もともとのマニュアル等には、こうした設定は書かれていません。ここをスキップして、とりあえずモデルを実行してみて、ダメだったら再インストールしてみましょう。
GPU(OpenCL)を使ってStanを回す
# モデルをコンパイルする(STAN_OPENCL=TRUEを明記する) mod_cl <- cmdstan_model("opencl-files/bernoulli_logit_glm.stan", cpp_options = list(stan_opencl = TRUE)) #サンプリングする(opencl_ids = c(0, 0)でGPUを指定) fit_cl <- mod_cl$sample(data = mdata, chains = 4, parallel_chains = 4, opencl_ids = c(0, 0), refresh = 0)
モデルをコンパイルする際に、”cpp_options = list(stan_opencl = TRUE)”と書き、OpenCL向けにコンパイルすることを明記します。
また、サンプリングする際には、”opencl_ids = c(0, 0)”で、GPUのPlatform番号とDevice番号を指定します。

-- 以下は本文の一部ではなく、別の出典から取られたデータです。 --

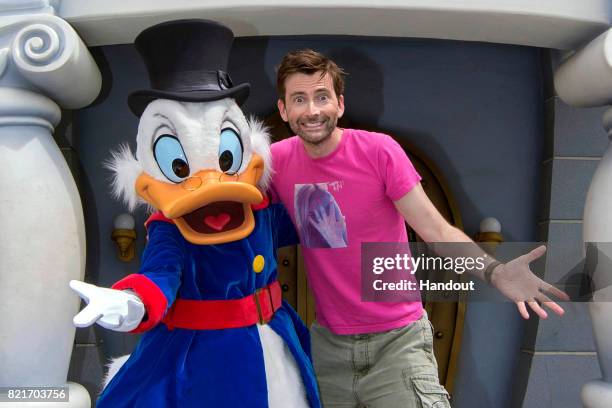 In this handout photo provided by Disney Parks, actor David Tennant poses with Scrooge McDuck, who made a special appearance in Mickeys Toontown July...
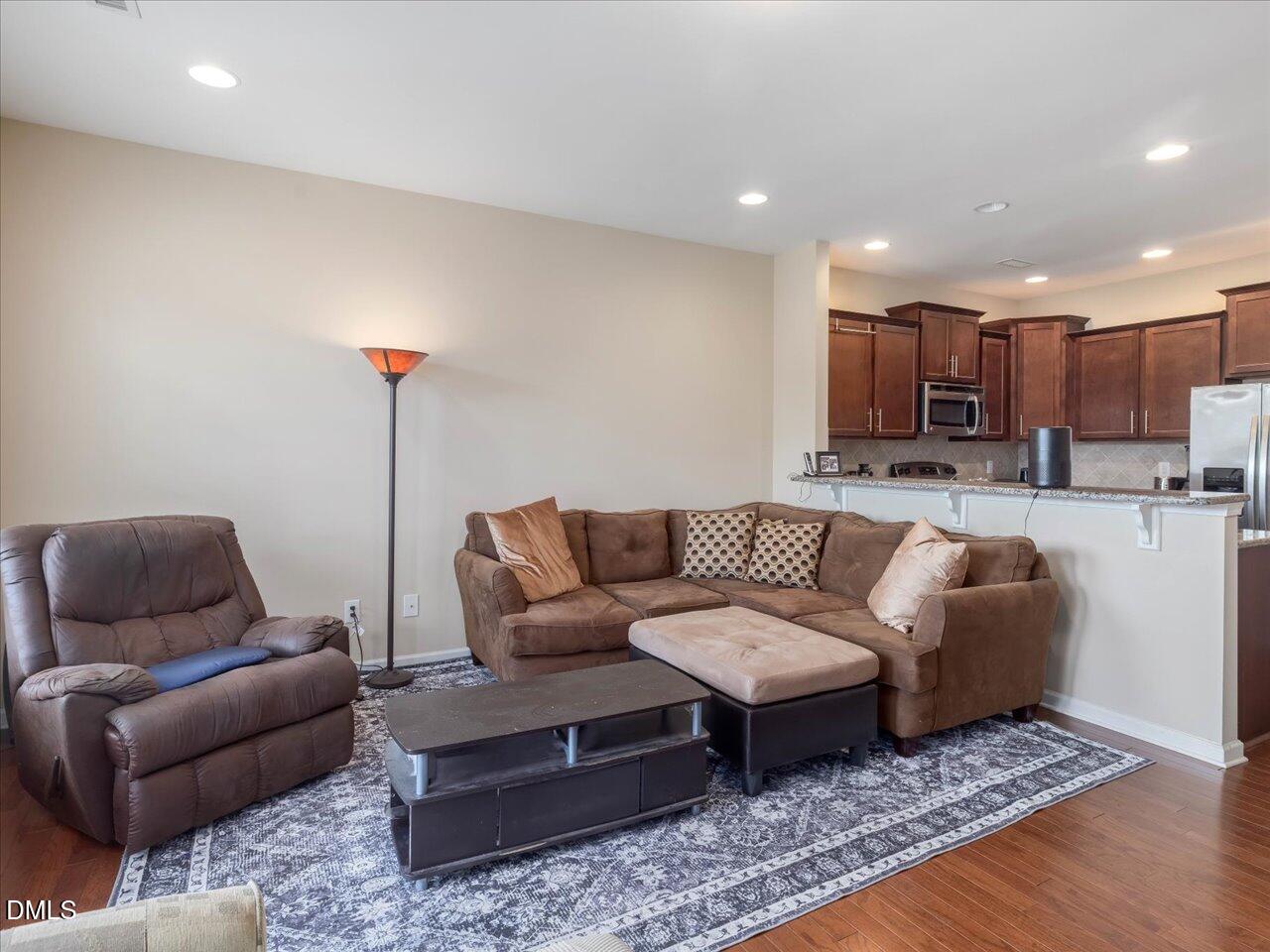 409 Provincial Street Raleigh, NC 27603 - Photo 14 of 44 a living room with furniture and a wooden floor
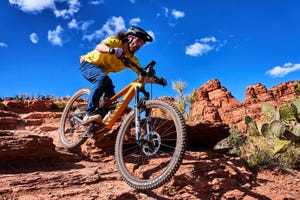 a man riding a bike on a trail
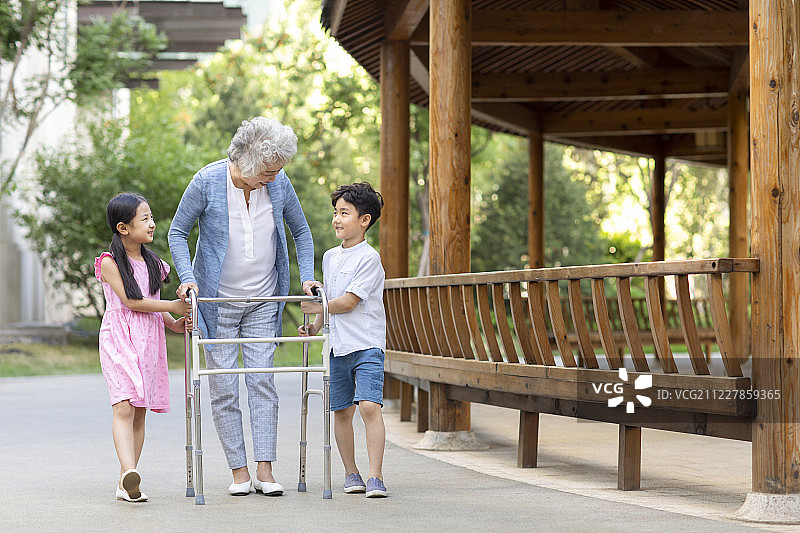 兄妹俩帮助奶奶用助行器走路图片素材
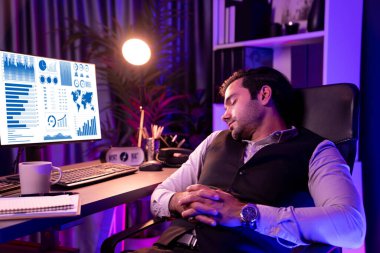 Akıllı iş adamı çalışma masalı sandalyeye yaslanıyor, bitmemiş ürün satış kanalı raporu, uzun zamandır güncellenmiş pazar verilerini bekliyor mor neon ışıklı odada gece geç saatlerde. Tahmin et..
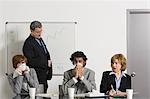 Businessman blowing nose in office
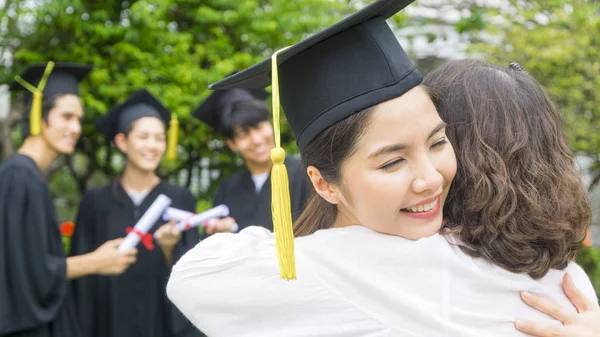 여자 학생 졸업 가운과 모자와 포옹 부모 축 하 행사에. — 스톡 사진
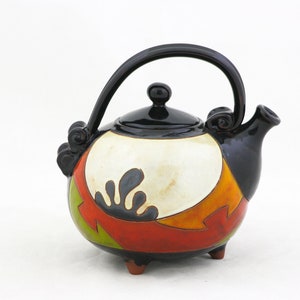 Könnte beinhalten: Eine schwarze Teekanne aus Keramik mit einem geometrischen Design in Weiß, Orange, Rot und Grün. Die Teekanne hat einen schwarzen Henkel und Ausguss und steht auf drei kleinen Füßen.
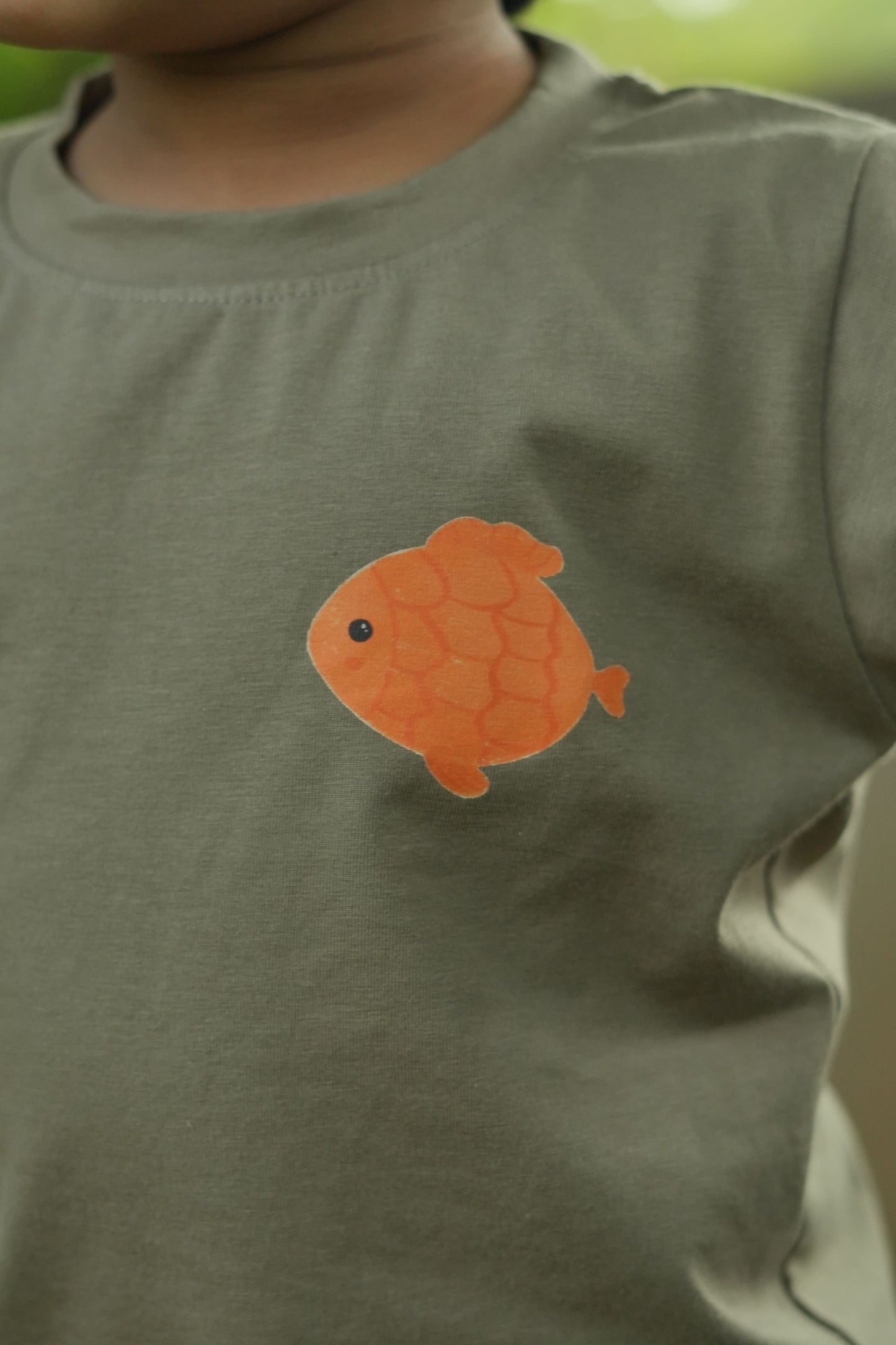 Orange fish patch on a green shirt
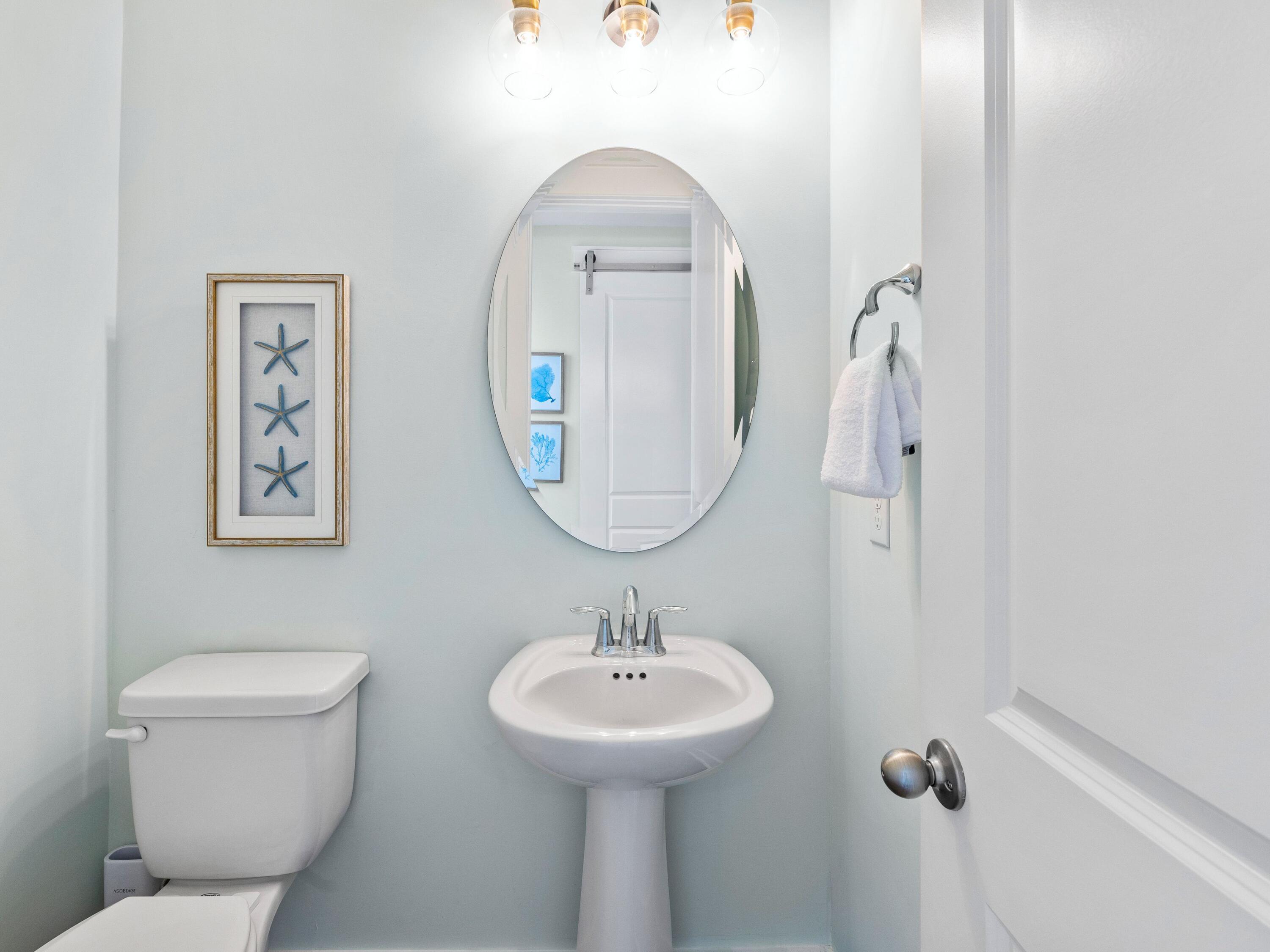 30 Serene Way Santa Rosa Beach, FL 32459 - Photo 18 of 34 a bathroom with a toilet sink and mirror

番号は、WindowsユーザーならStan Math Libraryで公開されている、clinfo.exeをダウンロードし、Powershell等でパスを通し、”clinfo -l”を打つと確認可能です。
めっちゃ速い
Stanの公式サイトで公開されているサンプルコードを走らせてみました。OpenCLで回したのが左、CPUのみは右。
GPUを使うと78秒、CPUのみの場合は392秒。大体1/5くらいの高速化になっています。ノートパソコン向けのCPUとGPUでこのくらいの高速化がされているので、デスクトップ向けならかなり期待できますね。